Dicerie popolari, insistenti ma mai verificate, raccontavano del corpo decapitato della terribile contessa Zenobia Teodolinda d’Onigo, sepolto con il suo cavallo in tutta fretta sotto il tempietto fatto costruire dalla nobildonna stessa al limitare del bosco nel brolo retrostante villa Onigo. Nelle intenzioni di Teodolinda avrebbe dovuto accogliere le spoglie del padre Guglielmo. Nel 1903, secondo la voce popolare, vi sarebbe invece stata sepolta la stessa contessa, uccisa per mano di un suo dipendente. Pietro Bianchet la decapitò nel parco del suo palazzo di Treviso, dove Teodolinda stava passeggiando in compagnia del suo amministratore.
La contessa si era soffermata a rimproverare il lavorante perché non faceva le cose per bene, come lei aveva ordinato. Si avvertì uno strano sibilo, seguito dal rumore di qualcosa che cadeva a terra, un tonfo sordo: era la testa di Teodolinda, conosciuta per la sua sordida avarizia, tagliata con un colpo netto d’ascia. Bianchet venne processato e condannato a 8 anni e 9 mesi di prigione. La contessa sepolta, si raccontava, nel famoso tempietto di villa Onigo.
Non una lapide, non una scritta a testimoniare che il racconto popolare non era una diceria ma la verità.
È stato il restauro del tempietto, disposto dalle Opere Pie di Onigo, a restituire alla storia la tomba della contessa Teodolinda e dei suoi genitori Caterina e Guglielmo Onigo, morto a Milano nel 1866. «Non era del tutto certo che il tempietto fosse la tomba degli Onigo», riporta l’architetto Fiorenzo Bernardi, incaricato la scorsa primavera dalle Opere Pie d’Onigo a procedere con l’intervento di restauro, «Si poteva ipotizzare che avesse uno scopo meramente commemorativo». E invece la sorpresa, rimuovendo alcune pietre del pavimento. «Levata la croce di pietre e levato il cumulo di rocce che la sosteneva, rimossa la pietra monolitica centrale, il sigillo tombale, venne alla luce il vano sepolcrale ipogeo», riferisce la scoperta l’architetto. Ed ecco apparire i due sarcofagi con sigillo in pietra di Teodolinda e di sua madre Caterina e, sotto, la sepoltura del conte Gugliemo. «È stata una scoperta emozionante e inaspettata, non si pensava che il monumento fosse anche la tomba di Guglielmo, Caterina e Teodolinda d'Onigo», riferisce Albino Bistacco, presidente delle Opere Pie di Pederobba, «avevamo dato disposizioni per restaurare il monumento dedicato ai conti d'Onigo che c'è all'ingresso della sede dell’ente. Nel corso dei lavori di restauro è venuta fuori questa lapide in marmo sul terreno.

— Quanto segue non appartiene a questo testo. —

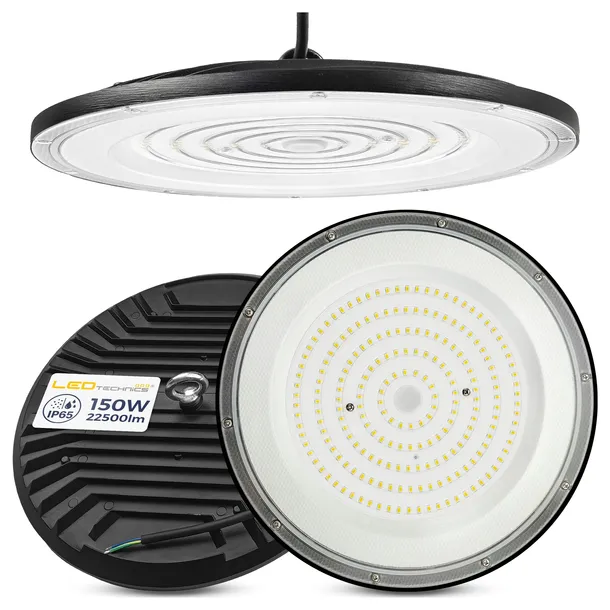 Lampa Wisząca Przemysłowa Hermetyczna LED UFO IP65 HighBay 150W 22500lm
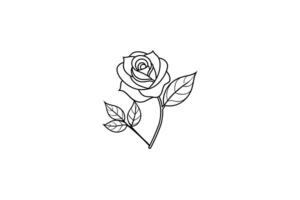 Rose flower for design element and coloring book pages for kids vector
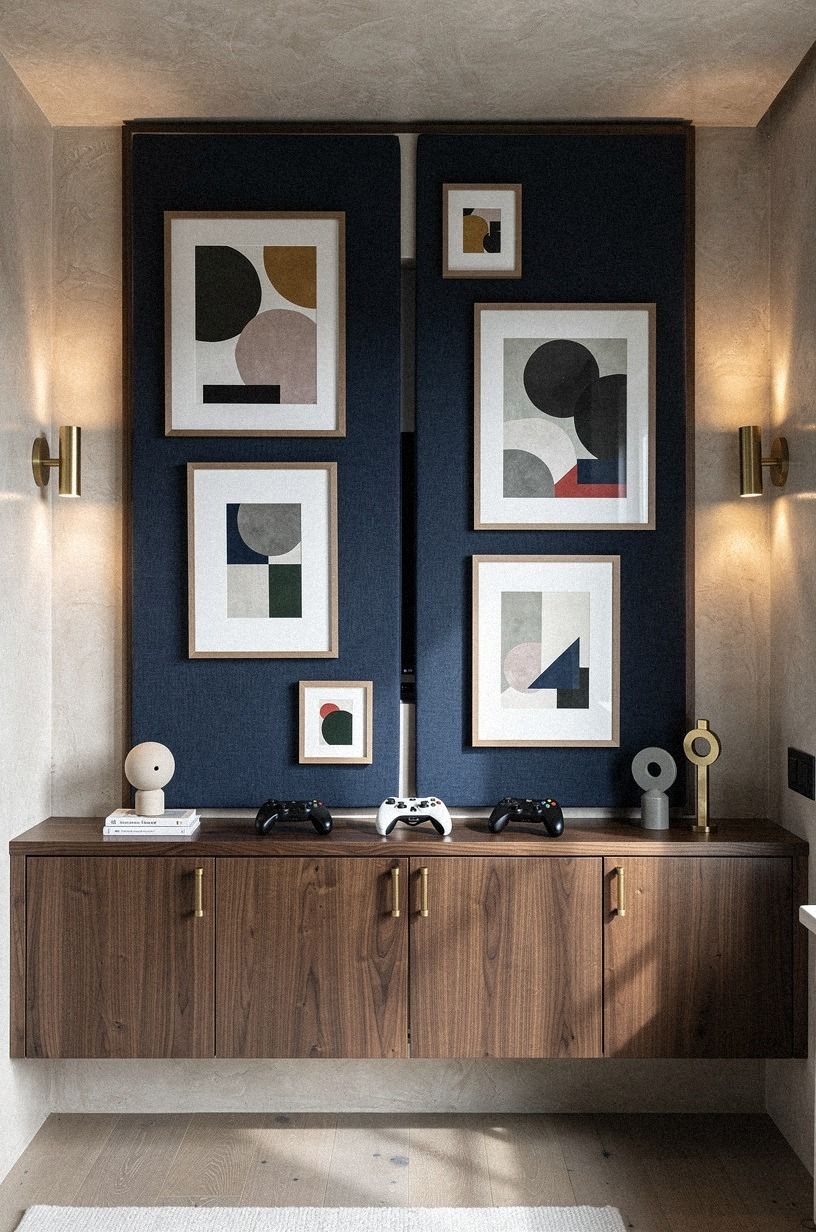 Layer acoustic panels under framed artwork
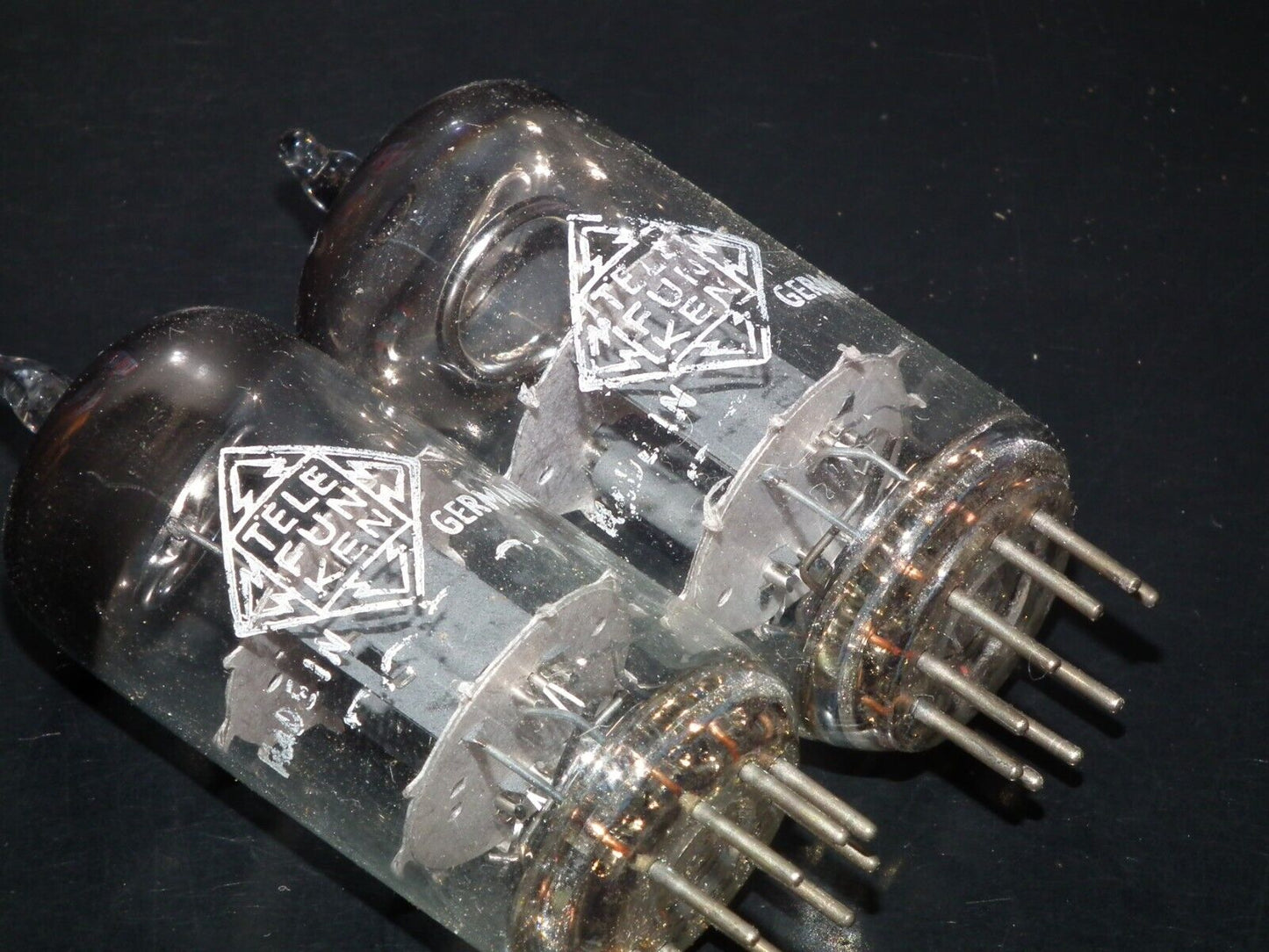 NOS Matched Pair ECC81 Telefunken 12AT7 Diamond Bottom Same Codes West Germany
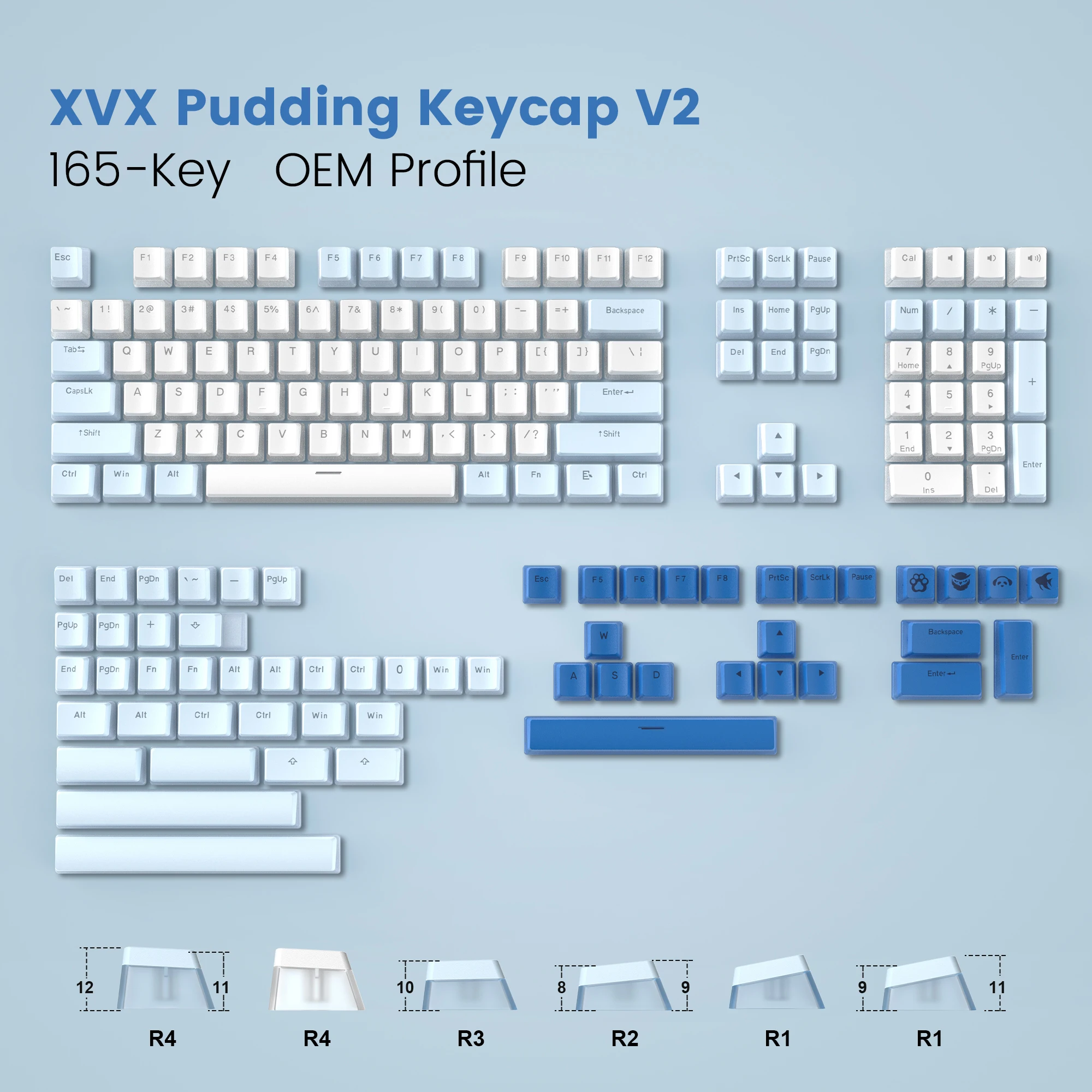 Personalizado Pudim Pbt Keycaps 165 Teclas Oem Perfil Duplo Tiro Backlit Keycaps Brilho Através de Cherry Gateron mx Switch Keyboard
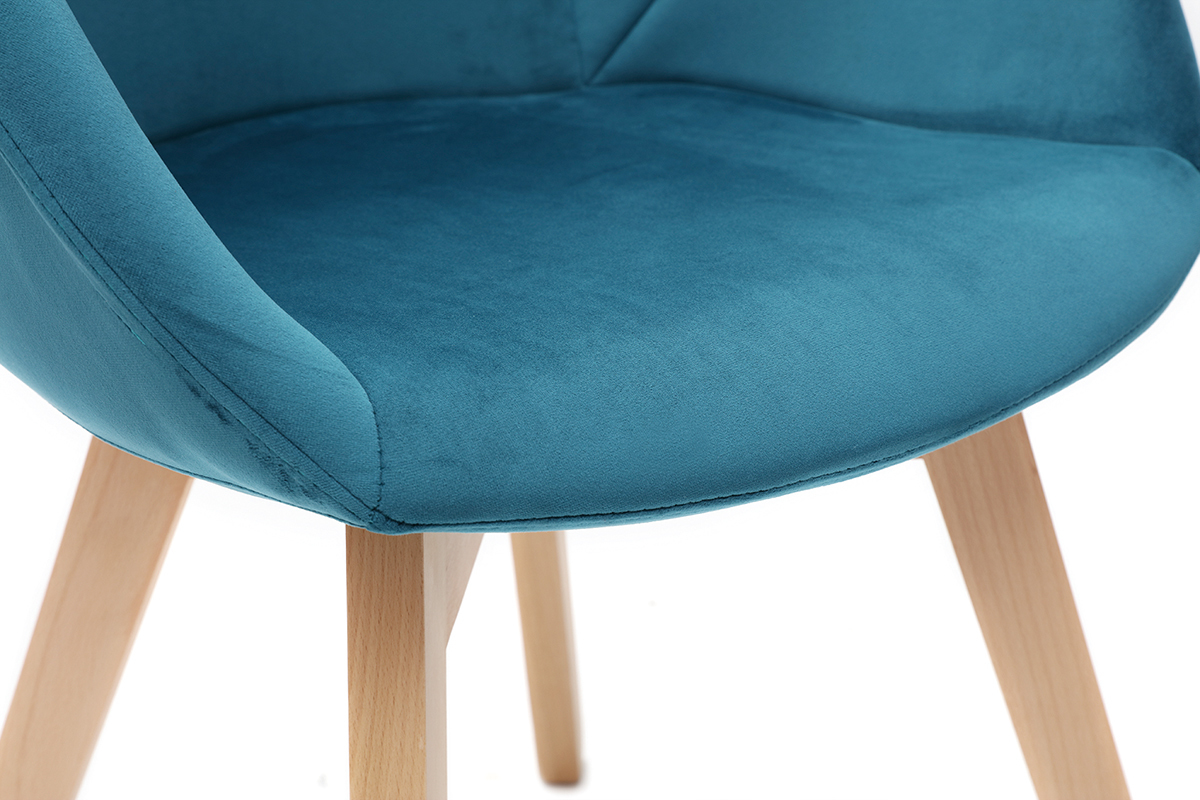 Silla moderna en terciopelo azul petrleo TAYA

Una volta sollevata la lapide, è venuta alla luce una specie di piccola catacomba dove c'erano due sarcofaghi e dentro le bare con tre corpi, ritenuti quelli di Guglielmo, Caterina e Teodolinda d'Onigo. E una delle tre salme aveva la testa mozzata. Nessuno immaginava che quei tre corpi fossero sepolti lì. Si pensava che la salma di Guglielmo fosse sepolta altrove. Sono stati interessati gli studiosi e poi la tomba è stata rinchiusa. Le salme resteranno sempre lì, sotto il monumento dedicato ai conti d'Onigo». Da quella scoperta riemerge il dramma dell'assassinio di Teodolinda d'Onigo, figlia illegittima di Gugliemo d'Onigo e di Caterina Jaquillard Onigo, uccisa l’11 marzo 1903 da Pietro Bianchet. Con lei si estinse la casata. Il monumento restaurato verrà inaugurato il 28 giugno prossimo, ma dopo la scoperta delle tre salme assume tutto un altro sapore. Alla cerimonia parteciperà anche il pastore della chiesa valdese: Caterina Jaquillard, svizzera di origine, era di fede valdese.